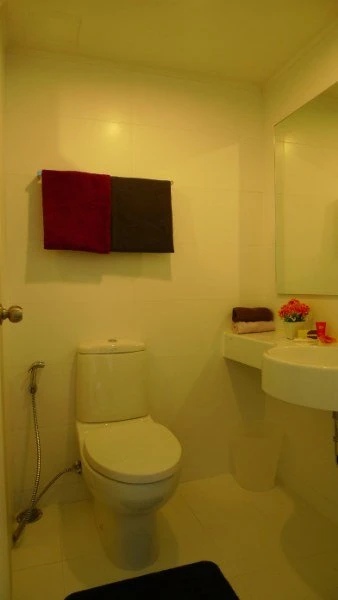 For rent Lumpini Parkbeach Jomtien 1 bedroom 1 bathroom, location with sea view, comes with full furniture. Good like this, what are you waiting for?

# # # # #

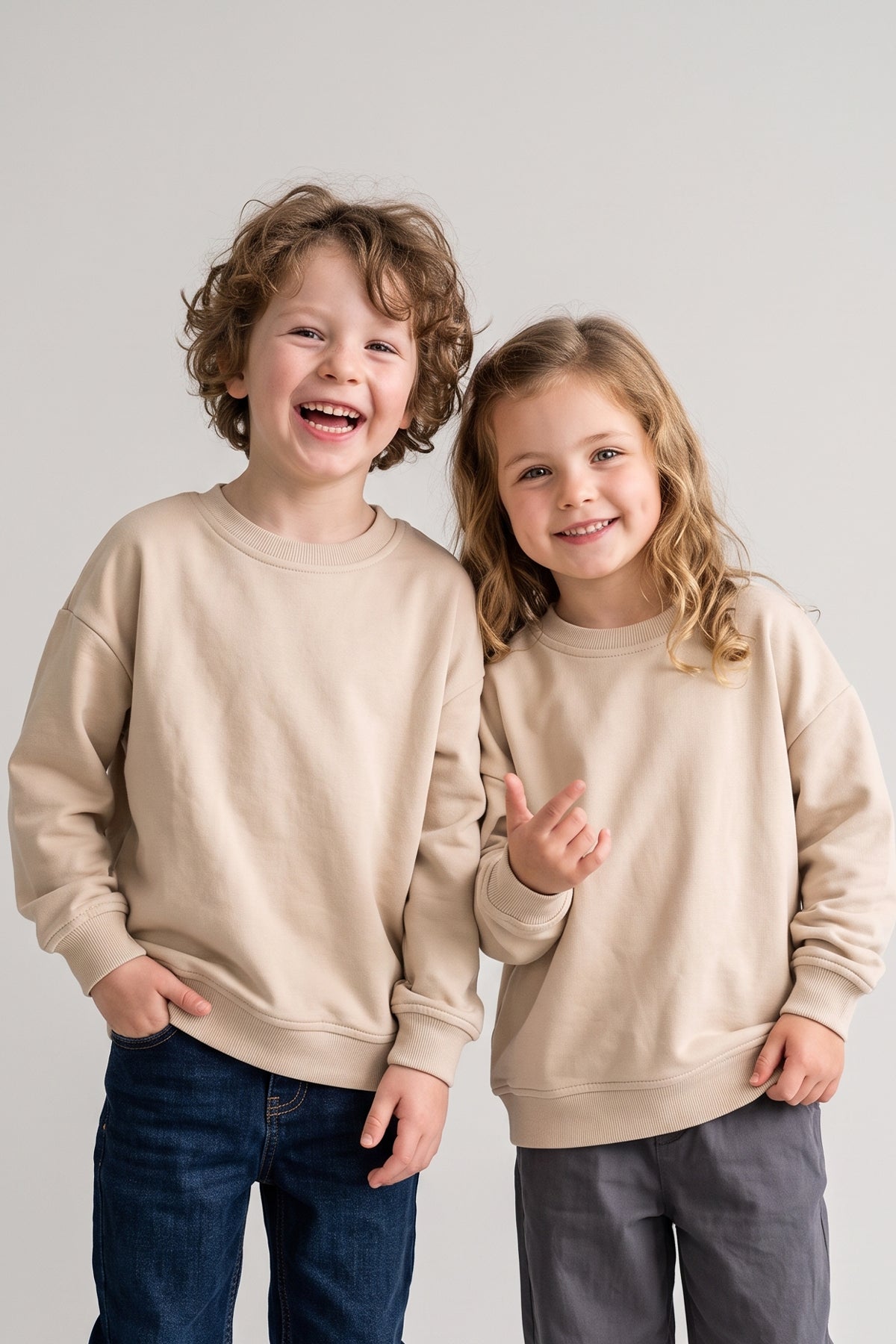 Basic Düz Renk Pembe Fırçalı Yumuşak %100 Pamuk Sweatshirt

# # # # #

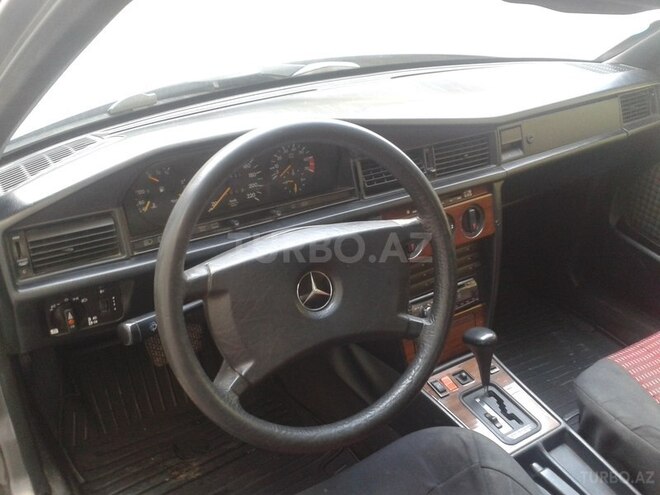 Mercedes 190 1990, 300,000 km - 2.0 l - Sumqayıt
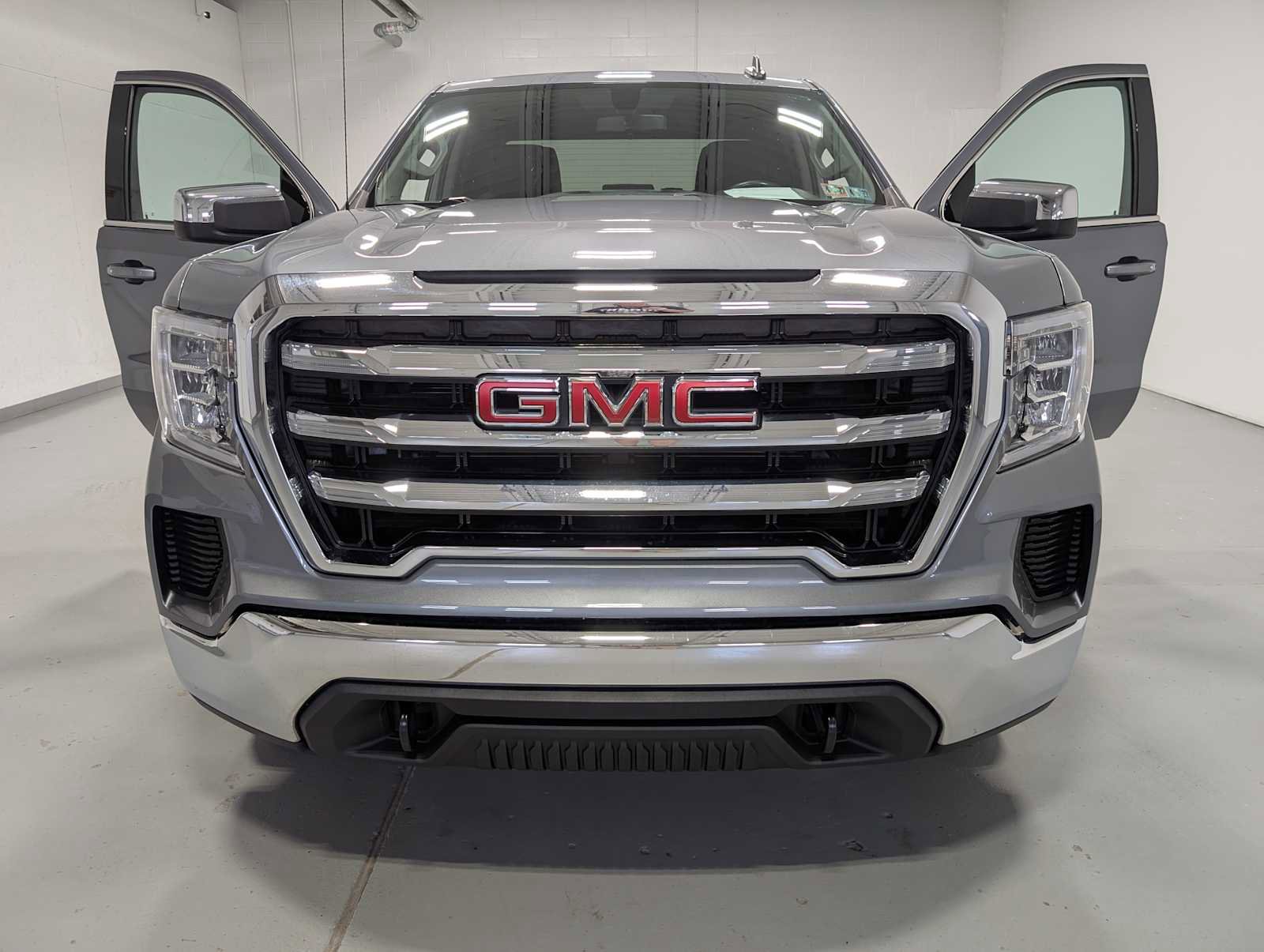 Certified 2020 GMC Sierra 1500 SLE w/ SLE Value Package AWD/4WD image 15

# # # # #

Please copy the lines above exactly, starting at the line that holds "Mercedes 190 1990, 300,000" and ending at the line that holds "Certified 2020 GMC"; include both, but no pictures.

 Mercedes 190 1990, 300,000 km - 2.0 l - Sumqayıt
 Certified 2020 GMC Sierra 1500 SLE w/ SLE Value Package AWD/4WD image 15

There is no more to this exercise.